For the second design, I wanted to create a stand alone weave structure. Having no experience in Grasshopper, I needed to use a tutorial (http://www.grasshopper3d.com/video/defining-a-parametric-weave) to create a weave. The main steps of the tutorial are as follows:

  • Select Square Grid (Vector tab), add number slider to the x and y directions - so that the size of the square grid (therefore the weave) can be adjusted
  • Create a Cull Pattern (Sets tab, Sequence), with boolean toggle values (Params tab, Special) as input i.e. true or false, and link to a tree Branch (Sets tab, Tree) - in order to isolate different points to then manipulate separately (to create the up and down directions for a weave)
  • Use Move (Transform tab, Euclidean) - to move a row of points up
  • Use Vector Amplitude (Vector tab, Vector) with a number slider - to specify the height of points
  • Use Flip Matrix (Sets tab, Tree) - to flip rows and columns to change the direction of the points (from y direction to x direction)
  • Use Weave function (Sets tab, List) - to weave between 2 points, and using a boolean toggle to change the weaving pattern
  • Use Interpolate Curve (Curve tab, Spline) and the weave function as the input - to create curved lines between points
  • Cull again to isolate curves, i.e. the middle curve or the outer curves (of 3 curves)
  • Use Rotate 3D (Transform tab, Euclidean) - to rotate outer curves
  • Copy steps and switch true / false values - to create curves that are inverted/opposite to the original curves that form the basis for the up and down weave structure
  • Use Pipe Component (Surface tab, Freeform) - to change lines (of the curves) into pipes, with a number slider to change thickness

After I produced the weave using the tutorial, I adapted it slightly to experiment with a new design. The change I made to the original design was to mirror the design on top of itself - to create 2 layers of the weave structure. Printing this double structure with flexible filament, I was interested to see the results, how it would feel and what it would be like when pressed together.

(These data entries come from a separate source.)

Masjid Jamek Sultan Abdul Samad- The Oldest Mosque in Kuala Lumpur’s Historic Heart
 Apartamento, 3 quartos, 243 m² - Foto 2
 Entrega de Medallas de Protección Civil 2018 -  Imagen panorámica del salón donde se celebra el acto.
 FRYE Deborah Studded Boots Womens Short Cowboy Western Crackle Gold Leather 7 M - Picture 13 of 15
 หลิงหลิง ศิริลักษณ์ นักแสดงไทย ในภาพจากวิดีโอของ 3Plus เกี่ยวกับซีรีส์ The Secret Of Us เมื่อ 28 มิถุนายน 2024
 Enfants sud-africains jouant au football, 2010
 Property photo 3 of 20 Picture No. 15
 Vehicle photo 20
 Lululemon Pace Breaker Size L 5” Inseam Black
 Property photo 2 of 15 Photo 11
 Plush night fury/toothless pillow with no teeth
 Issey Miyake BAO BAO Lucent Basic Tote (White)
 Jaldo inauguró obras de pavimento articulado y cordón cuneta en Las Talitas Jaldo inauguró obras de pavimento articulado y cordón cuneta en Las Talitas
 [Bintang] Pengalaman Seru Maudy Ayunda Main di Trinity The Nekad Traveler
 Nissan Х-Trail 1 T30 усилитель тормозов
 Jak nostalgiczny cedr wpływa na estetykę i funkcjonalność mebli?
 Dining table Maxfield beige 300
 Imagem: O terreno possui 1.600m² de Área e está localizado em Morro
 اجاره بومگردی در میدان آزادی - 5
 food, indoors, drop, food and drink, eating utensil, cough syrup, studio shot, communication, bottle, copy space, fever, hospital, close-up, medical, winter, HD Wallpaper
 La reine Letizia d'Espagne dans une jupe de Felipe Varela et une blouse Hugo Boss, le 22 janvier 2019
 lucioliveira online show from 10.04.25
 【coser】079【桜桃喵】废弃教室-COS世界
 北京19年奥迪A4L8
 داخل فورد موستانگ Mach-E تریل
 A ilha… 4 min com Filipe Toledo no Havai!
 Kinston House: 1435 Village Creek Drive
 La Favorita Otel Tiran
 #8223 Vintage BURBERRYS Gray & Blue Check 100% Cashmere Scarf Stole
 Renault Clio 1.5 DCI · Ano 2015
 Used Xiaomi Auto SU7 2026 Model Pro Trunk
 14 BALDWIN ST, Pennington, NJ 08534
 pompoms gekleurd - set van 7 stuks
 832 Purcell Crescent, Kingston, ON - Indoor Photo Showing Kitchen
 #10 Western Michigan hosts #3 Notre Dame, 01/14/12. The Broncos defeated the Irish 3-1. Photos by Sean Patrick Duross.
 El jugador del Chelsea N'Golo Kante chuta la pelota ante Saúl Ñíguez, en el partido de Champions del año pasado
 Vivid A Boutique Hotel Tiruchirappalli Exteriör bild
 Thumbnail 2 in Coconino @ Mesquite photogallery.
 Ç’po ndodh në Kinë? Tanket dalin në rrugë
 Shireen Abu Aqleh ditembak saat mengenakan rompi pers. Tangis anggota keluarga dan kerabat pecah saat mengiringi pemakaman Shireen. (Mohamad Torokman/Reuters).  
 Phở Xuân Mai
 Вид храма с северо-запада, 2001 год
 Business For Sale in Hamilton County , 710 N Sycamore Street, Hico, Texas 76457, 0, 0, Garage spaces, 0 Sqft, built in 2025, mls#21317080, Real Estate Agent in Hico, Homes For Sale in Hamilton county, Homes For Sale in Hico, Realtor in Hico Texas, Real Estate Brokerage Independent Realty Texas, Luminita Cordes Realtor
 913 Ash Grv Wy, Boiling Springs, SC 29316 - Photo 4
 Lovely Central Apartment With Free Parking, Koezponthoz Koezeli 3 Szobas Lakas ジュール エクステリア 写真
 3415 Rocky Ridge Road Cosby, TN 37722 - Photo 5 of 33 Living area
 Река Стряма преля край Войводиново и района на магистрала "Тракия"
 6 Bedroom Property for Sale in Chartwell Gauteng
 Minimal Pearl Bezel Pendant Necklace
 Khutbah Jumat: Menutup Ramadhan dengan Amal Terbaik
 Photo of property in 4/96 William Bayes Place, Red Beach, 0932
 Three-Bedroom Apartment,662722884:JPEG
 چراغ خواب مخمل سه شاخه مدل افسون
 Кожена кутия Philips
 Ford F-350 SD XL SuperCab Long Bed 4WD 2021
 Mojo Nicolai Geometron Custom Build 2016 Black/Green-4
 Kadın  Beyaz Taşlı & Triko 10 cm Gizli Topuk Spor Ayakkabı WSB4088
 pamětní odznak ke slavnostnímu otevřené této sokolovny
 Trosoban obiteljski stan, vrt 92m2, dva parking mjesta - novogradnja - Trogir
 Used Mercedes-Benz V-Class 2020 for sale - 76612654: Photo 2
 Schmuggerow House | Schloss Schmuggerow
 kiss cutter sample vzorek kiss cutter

I used the same settings in Cura as the previous print on fabric, however I encountered problems with the print. The first layers of the material were not sticking to the bed. I increased the temperature of the bed and also put down some sticky tape to help the layers stick better. The print improved, however, I still had problems. A colleague helped me with this problem by re-calibrating the height of the bedplate so that the nozzle would be closer to the bedplate. This solved the problem and the weave structure was printed successfully.

weave_printing.jpgfinal_weave_1.jpg

Final thoughts

It was useful to experience Grasshopper, however I found the program difficult use. It was hard to me to find the right function that I needed for a design element I had in mind, and to know what input the components required; often, the program produced results I didn't expect. I am aware that my first design is very simple, as I found it difficult to produce a more complicated structure that I wanted.

I am happy with the final products however. The flexible material makes them pleasing to touch and handle. The weave structure is flexible but also firm when pressed; this could perhaps be a useful structure to absorb the impact from movement.